Instructions to follow – Transcribe exactly the lines from the one containing "Dining Table Set Skp Files" through the end of the entries, including both the first and the last, and nothing else.

----------

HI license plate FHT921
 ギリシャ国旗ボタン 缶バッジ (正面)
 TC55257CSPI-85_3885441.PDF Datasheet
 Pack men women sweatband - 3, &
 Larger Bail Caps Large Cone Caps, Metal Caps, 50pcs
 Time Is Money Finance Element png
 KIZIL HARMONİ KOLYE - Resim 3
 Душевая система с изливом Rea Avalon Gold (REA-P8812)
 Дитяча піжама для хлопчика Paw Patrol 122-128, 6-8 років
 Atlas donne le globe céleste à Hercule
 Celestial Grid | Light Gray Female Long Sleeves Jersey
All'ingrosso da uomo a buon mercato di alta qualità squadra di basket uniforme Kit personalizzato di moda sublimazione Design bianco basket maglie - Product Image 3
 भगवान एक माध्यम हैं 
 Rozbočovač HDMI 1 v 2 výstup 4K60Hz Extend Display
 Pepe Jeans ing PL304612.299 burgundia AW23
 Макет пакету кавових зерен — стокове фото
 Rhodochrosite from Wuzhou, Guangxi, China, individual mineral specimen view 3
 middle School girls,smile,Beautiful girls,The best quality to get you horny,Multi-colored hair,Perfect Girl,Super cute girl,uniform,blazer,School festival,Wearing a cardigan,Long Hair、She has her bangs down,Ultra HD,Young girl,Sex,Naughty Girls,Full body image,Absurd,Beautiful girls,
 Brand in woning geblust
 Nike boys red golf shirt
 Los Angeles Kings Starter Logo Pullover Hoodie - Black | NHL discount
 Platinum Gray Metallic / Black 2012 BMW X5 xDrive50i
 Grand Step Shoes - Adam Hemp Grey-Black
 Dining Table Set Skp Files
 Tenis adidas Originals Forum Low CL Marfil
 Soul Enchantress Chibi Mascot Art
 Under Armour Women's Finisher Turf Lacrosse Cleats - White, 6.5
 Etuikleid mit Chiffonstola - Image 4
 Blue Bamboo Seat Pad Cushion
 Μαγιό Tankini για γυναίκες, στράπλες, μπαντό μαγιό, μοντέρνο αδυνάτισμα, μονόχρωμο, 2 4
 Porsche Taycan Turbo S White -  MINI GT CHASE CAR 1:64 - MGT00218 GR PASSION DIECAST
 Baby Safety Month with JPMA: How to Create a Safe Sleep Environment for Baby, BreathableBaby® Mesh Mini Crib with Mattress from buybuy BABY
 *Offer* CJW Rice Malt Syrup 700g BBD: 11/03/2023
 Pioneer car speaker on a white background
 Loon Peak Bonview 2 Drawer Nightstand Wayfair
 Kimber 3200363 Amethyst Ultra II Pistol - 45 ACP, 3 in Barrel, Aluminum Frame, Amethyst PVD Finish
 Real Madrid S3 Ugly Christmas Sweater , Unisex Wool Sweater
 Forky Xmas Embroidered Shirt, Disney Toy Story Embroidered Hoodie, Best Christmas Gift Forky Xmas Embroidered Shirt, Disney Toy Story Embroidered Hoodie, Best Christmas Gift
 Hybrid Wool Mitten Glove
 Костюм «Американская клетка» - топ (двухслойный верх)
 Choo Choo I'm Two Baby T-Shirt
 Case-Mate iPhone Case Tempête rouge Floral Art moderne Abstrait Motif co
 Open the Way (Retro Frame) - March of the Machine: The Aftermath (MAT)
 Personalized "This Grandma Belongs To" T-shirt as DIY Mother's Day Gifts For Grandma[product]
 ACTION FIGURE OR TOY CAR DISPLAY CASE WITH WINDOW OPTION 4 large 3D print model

----------

Task response –
 Dining Table Set Skp Files
 Tenis adidas Originals Forum Low CL Marfil
 Soul Enchantress Chibi Mascot Art
 Under Armour Women's Finisher Turf Lacrosse Cleats - White, 6.5
 Etuikleid mit Chiffonstola - Image 4
 Blue Bamboo Seat Pad Cushion
 Μαγιό Tankini για γυναίκες, στράπλες, μπαντό μαγιό, μοντέρνο αδυνάτισμα, μονόχρωμο, 2 4
 Porsche Taycan Turbo S White -  MINI GT CHASE CAR 1:64 - MGT00218 GR PASSION DIECAST
 Baby Safety Month with JPMA: How to Create a Safe Sleep Environment for Baby, BreathableBaby® Mesh Mini Crib with Mattress from buybuy BABY
 *Offer* CJW Rice Malt Syrup 700g BBD: 11/03/2023
 Pioneer car speaker on a white background
 Loon Peak Bonview 2 Drawer Nightstand Wayfair
 Kimber 3200363 Amethyst Ultra II Pistol - 45 ACP, 3 in Barrel, Aluminum Frame, Amethyst PVD Finish
 Real Madrid S3 Ugly Christmas Sweater , Unisex Wool Sweater
 Forky Xmas Embroidered Shirt, Disney Toy Story Embroidered Hoodie, Best Christmas Gift Forky Xmas Embroidered Shirt, Disney Toy Story Embroidered Hoodie, Best Christmas Gift
 Hybrid Wool Mitten Glove
 Костюм «Американская клетка» - топ (двухслойный верх)
 Choo Choo I'm Two Baby T-Shirt
 Case-Mate iPhone Case Tempête rouge Floral Art moderne Abstrait Motif co
 Open the Way (Retro Frame) - March of the Machine: The Aftermath (MAT)
 Personalized "This Grandma Belongs To" T-shirt as DIY Mother's Day Gifts For Grandma[product]
 ACTION FIGURE OR TOY CAR DISPLAY CASE WITH WINDOW OPTION 4 large 3D print model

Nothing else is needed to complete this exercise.